The measure instructs officials to study similar crisis intervention programs implemented elsewhere, specifically naming CAHOOTS, a community policing partnership that has been in place in Eugene, Oregon, since 1989.

In a recent interview with NPR, a leader of the organization — which stands for Crisis Assistance Helping Out On The Streets — said it handles 20% of local 911 calls, resulting in an annual savings of more than $15 million.

When L.A.’s motion was introduced, Robert Harris, director of the Los Angeles Police Protective League told the L.A. Daily News his union has been discussing the idea “for a long time” and he supports the move. The union represents more than 9,000 of the LAPD’s 13,000 employees.

“For these calls that don’t necessarily need a law enforcement response, can we shift that response to somebody else?” he said.

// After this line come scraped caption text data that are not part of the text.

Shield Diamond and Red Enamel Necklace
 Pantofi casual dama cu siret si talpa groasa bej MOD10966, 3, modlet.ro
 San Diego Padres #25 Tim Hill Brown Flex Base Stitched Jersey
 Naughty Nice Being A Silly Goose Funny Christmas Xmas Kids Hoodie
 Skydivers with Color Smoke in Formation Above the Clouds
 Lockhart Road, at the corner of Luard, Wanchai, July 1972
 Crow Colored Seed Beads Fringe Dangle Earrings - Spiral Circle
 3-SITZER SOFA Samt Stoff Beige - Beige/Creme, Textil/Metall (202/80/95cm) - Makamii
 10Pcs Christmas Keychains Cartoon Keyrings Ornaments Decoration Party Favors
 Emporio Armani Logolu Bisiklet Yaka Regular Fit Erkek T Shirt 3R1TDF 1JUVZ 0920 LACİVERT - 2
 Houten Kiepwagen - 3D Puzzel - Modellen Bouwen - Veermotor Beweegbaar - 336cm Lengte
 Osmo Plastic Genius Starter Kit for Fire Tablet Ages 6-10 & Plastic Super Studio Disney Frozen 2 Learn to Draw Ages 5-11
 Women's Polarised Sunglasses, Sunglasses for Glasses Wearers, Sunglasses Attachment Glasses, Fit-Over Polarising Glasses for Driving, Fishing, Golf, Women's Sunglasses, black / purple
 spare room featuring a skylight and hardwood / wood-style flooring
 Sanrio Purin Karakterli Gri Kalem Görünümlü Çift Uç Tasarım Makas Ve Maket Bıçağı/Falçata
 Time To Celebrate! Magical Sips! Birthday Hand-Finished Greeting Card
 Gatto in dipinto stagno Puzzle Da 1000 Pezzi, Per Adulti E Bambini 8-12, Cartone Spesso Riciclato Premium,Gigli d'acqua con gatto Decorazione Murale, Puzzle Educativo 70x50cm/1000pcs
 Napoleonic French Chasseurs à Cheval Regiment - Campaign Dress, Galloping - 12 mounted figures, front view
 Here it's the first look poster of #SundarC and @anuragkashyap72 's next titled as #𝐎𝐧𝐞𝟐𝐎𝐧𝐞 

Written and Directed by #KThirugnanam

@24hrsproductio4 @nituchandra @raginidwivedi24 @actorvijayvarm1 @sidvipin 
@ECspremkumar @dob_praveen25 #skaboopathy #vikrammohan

Black Lives Matter’s L.A. chapter also spoke in support of the measure, saying the organization welcomes continued collaboration with the council.

“The move to have unarmed non-police respond to non-violent calls seems like it would be common-sense, but it’s quite courageous,” the group said in a series of tweets. “We appreciate those who have the vision to stand on the right side of history.”

The council also unanimously passed motion aimed at criminalizing racially motivated calls to 911. The city attorney is asked to work with LAPD to report on possible penalties for those who place such calls.